Yes. Autologous transplantation today is the first choice, if there is available an autologous graft.

Until today in Europe there have been performed 25000 transplantations by using hematopoietic stem cells. 70% of these transplantations were autologous, the stem cells were derived from the patient himself, and 30% were allogeneic, they were derived from a donor.  In the 70% of these cases the donor was within the family, Watt et al 2007, Methods Mol Biol 368: 237-259.

It is explained by the fact that the possibility one autologus graft to transfer the disease, because it is collected after the appearance of the disease, is balanced by the danger of host versus graft disease that is the main complication after allogeneic transplantation.

There are few available data about the treatment of leukemia by using autologous UCB stem cell in patients who they had cryopreserved their own stem cells. These grafts even they are valuable, today are very spare. With simple words few children that developed leukemia had cryopreserved their own stem cells from UCB.

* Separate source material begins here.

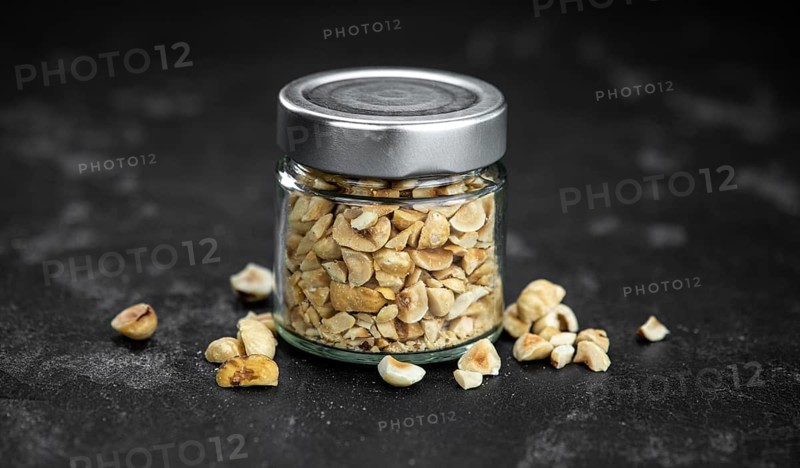 Freshly chopped Hazelnuts as detailed close up shot (selective focus)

In 2007 a case of a 3 year old child, suffering from acute lymphoblastic leukemia, was cured with its own stem cells and published in medical journal. At 2003 when the disease was appeared, chemotherapy failed twice in the child and finally the physicians decided to use the child’s stem cells that the family had cryopreserved, only for percussion, in a private bank, Hayani et al 2007, Pediatrics 119, 296-300. Today 4 years post transplantation the child is free of symptoms. In leukemia the total survival among patients that received their own stem cells or allogeneic compatible grafts don’t differ significantly, Loy Ys et al 2007 Leuk Lymphoma, 48 (1), 72-9. This application change the therapeutic methods for leukemia and DNA tests for leukemic clones detection that circulates between stem cells, leads the decision of using its own or allogeneic stem cells.

The treatment of childhood tumors (sarcomas, neuroblastomas, lymphomas) is accomplished with autologous stem cell transplantation.

The annual frequency of occurrence  of cancer in children is 130 per million, so the probability of a child to present leukemia or cancer until the age of 16 is 1/500 and for 1 in four children a hematopoietic transplantation is required, Smith et al 2002, Principles and Practice of Pediatric Oncology, 4th edition Philadelphia PA Lippincott.  The probability to use one graft is doubled, if one considers the blood relatives that may make use of the graft.